=== Section Start ===
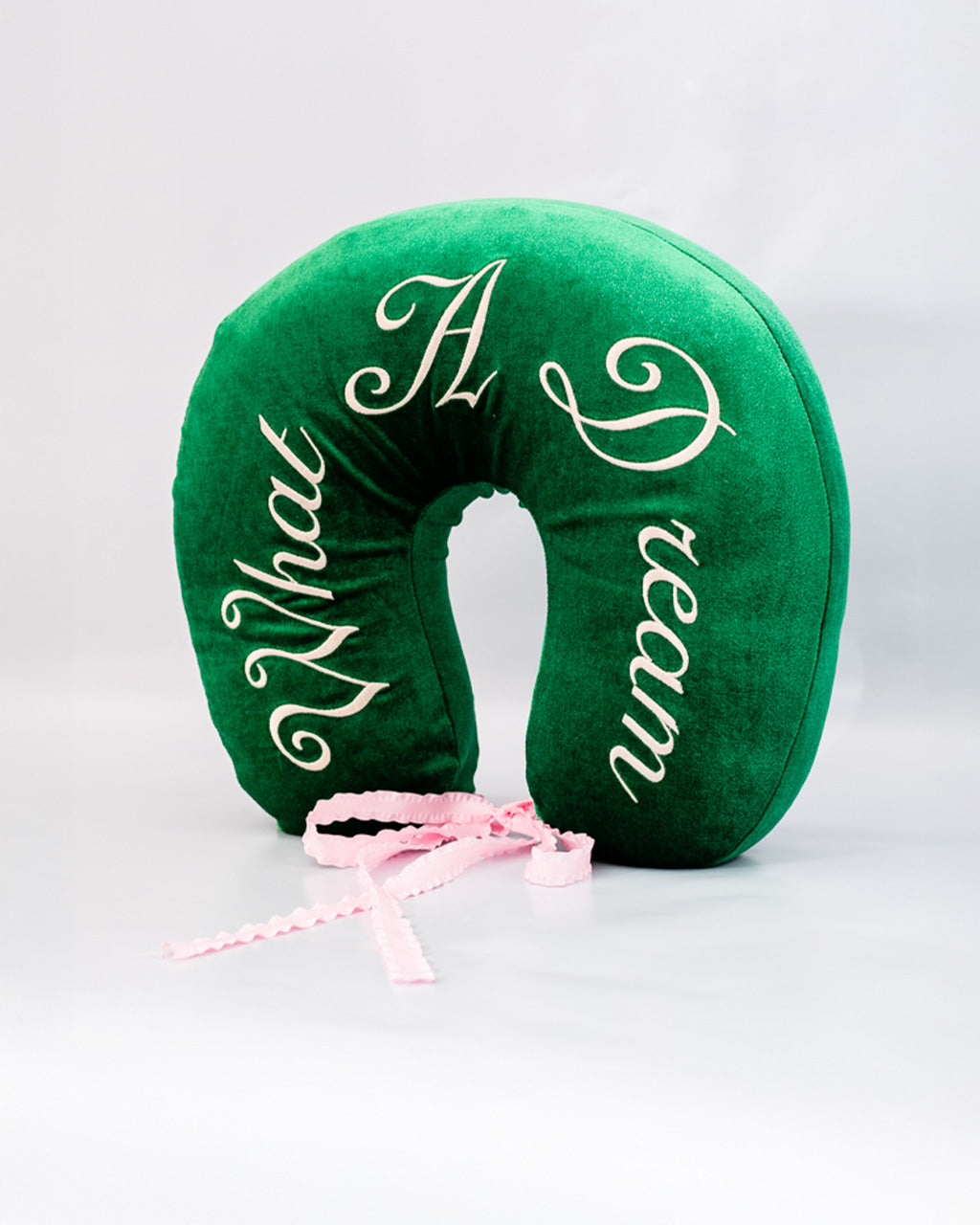Getaway Travel Pillow - What a Dream ban.do travel pillow Getaway Travel Pillow - What a Dream Bonjour Fete - Party Supplies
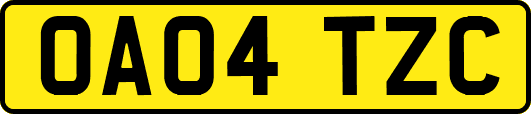 OA04TZC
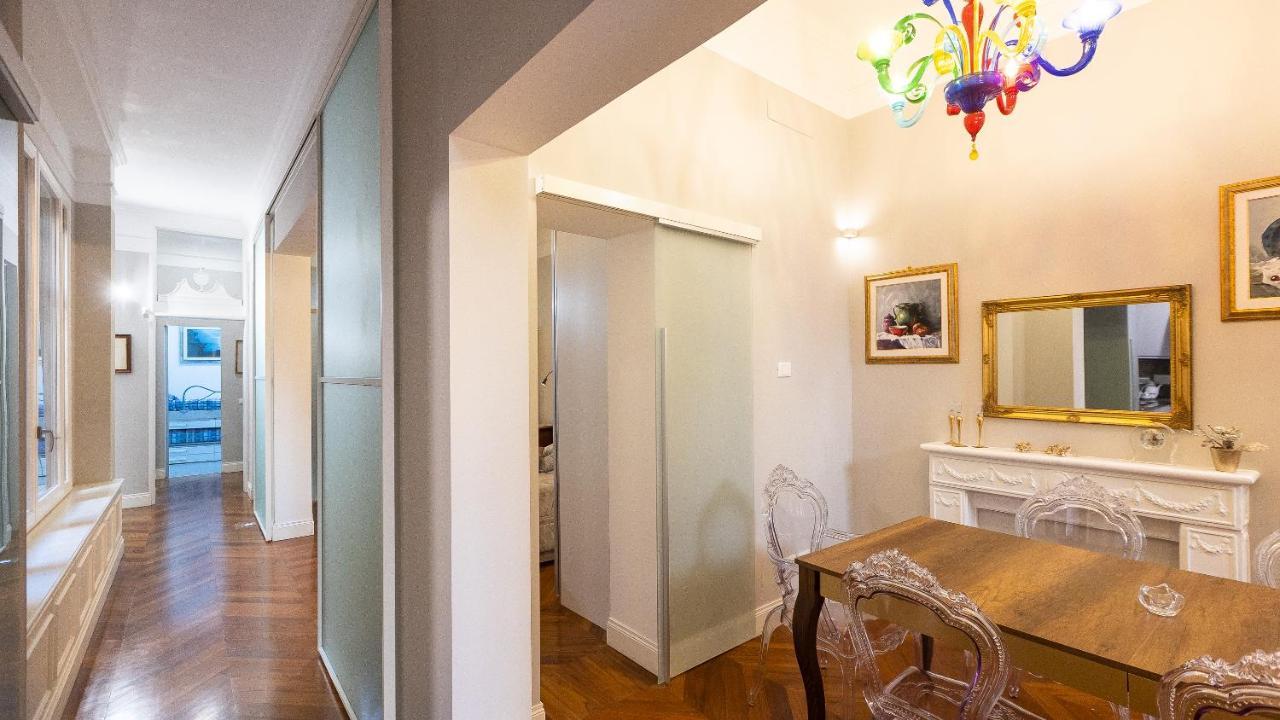 Gregoriana Luxury Rental In Rzym Zewnętrze zdjęcie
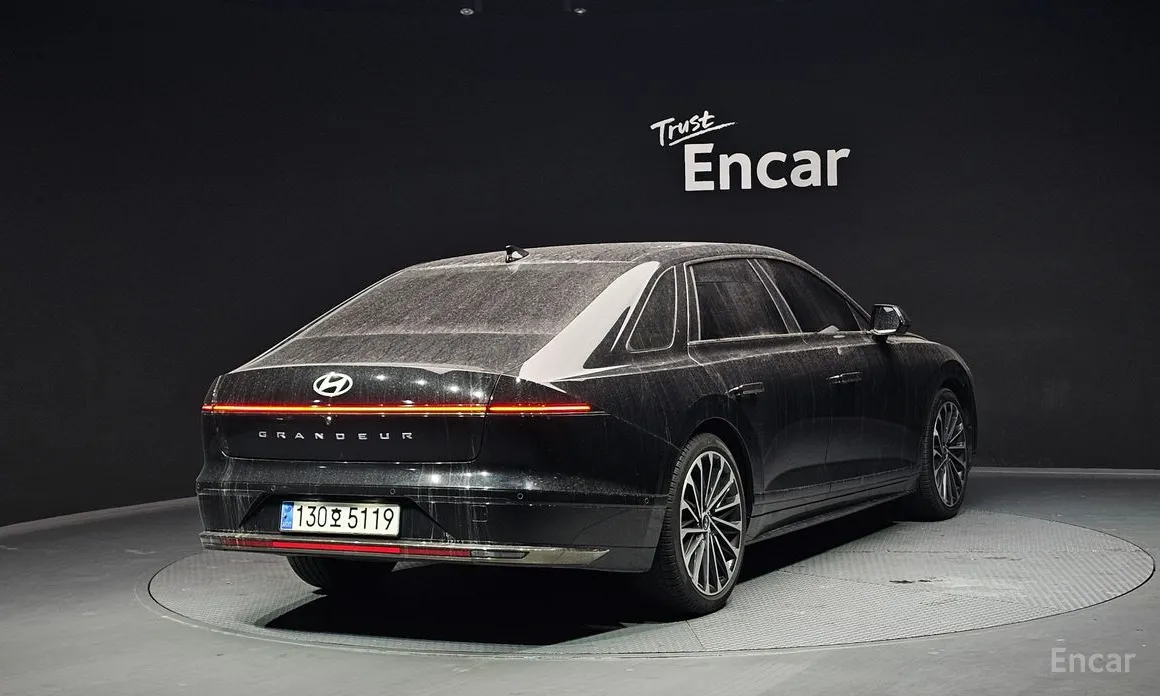 2022 Hyundai Grandeur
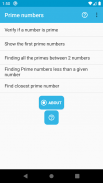 Prime Numbers screenshot 11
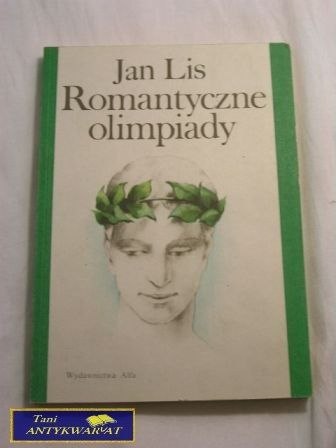 ROMANTYCZNE OLIMPIADY-Jan Lis
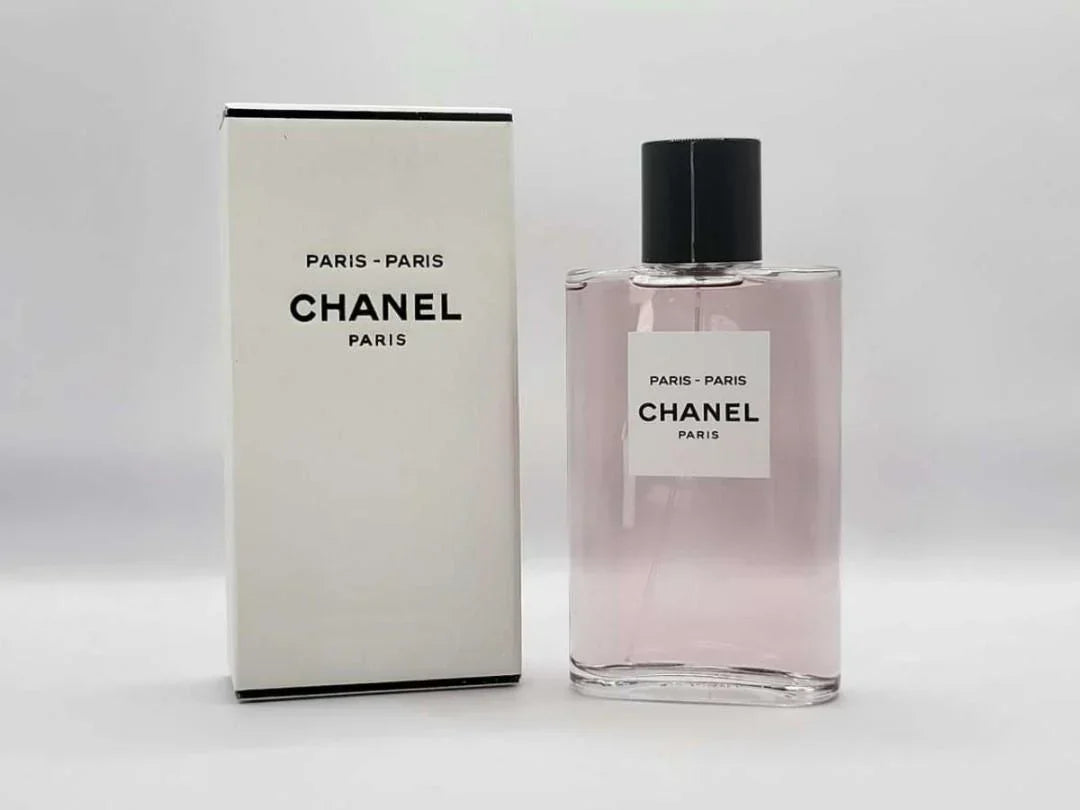 CHANEL PARIS PARIS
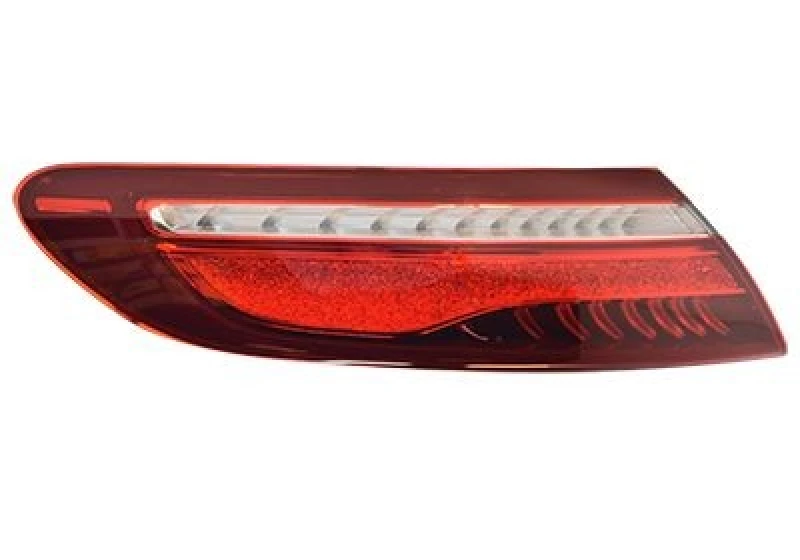 Image of VAN WEZEL Rear light VAN WEZEL 2945921U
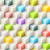 Papel de Parede Cubos 3D Coloridos
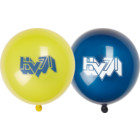 HV71 Ballonger 10-pack Blå
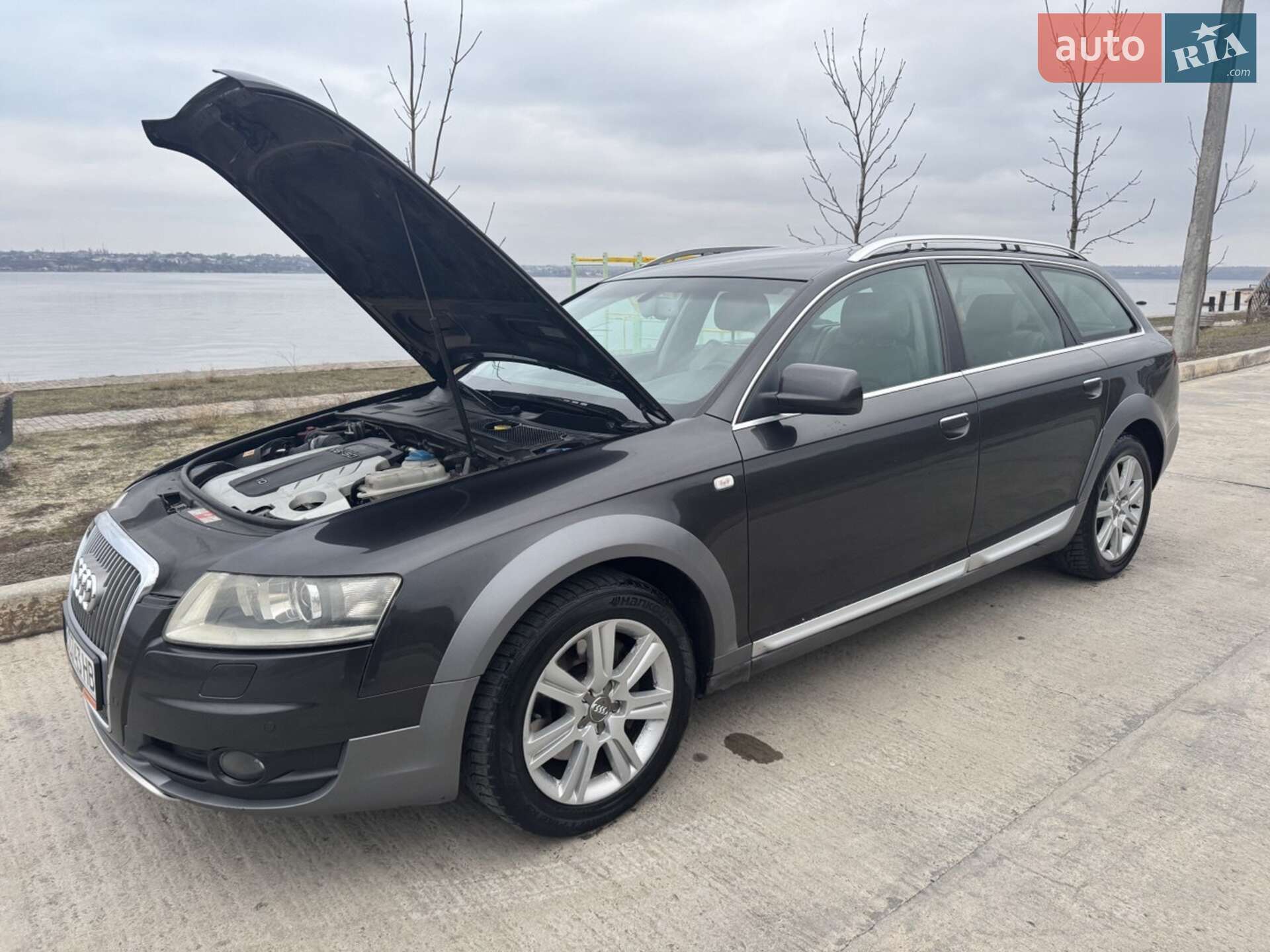 Audi A6 2008 VIN WAUZZZ4F68N090833 фото оголошення 10 з 11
=== Section End ===
What this task involves: Find the line containing "2022 Hyundai Grandeur" in the listing above. Restate it and every line after it, word for word, through the final line, leaving out the pictures.

Output of the exercise:
 2022 Hyundai Grandeur
 Prime Numbers screenshot 11
 ROMANTYCZNE OLIMPIADY-Jan Lis
 CHANEL PARIS PARIS
 Image of VAN WEZEL Rear light VAN WEZEL 2945921U
 Papel de Parede Cubos 3D Coloridos
 HV71 Ballonger 10-pack Blå
 Audi A6 2008 VIN WAUZZZ4F68N090833 фото оголошення 10 з 11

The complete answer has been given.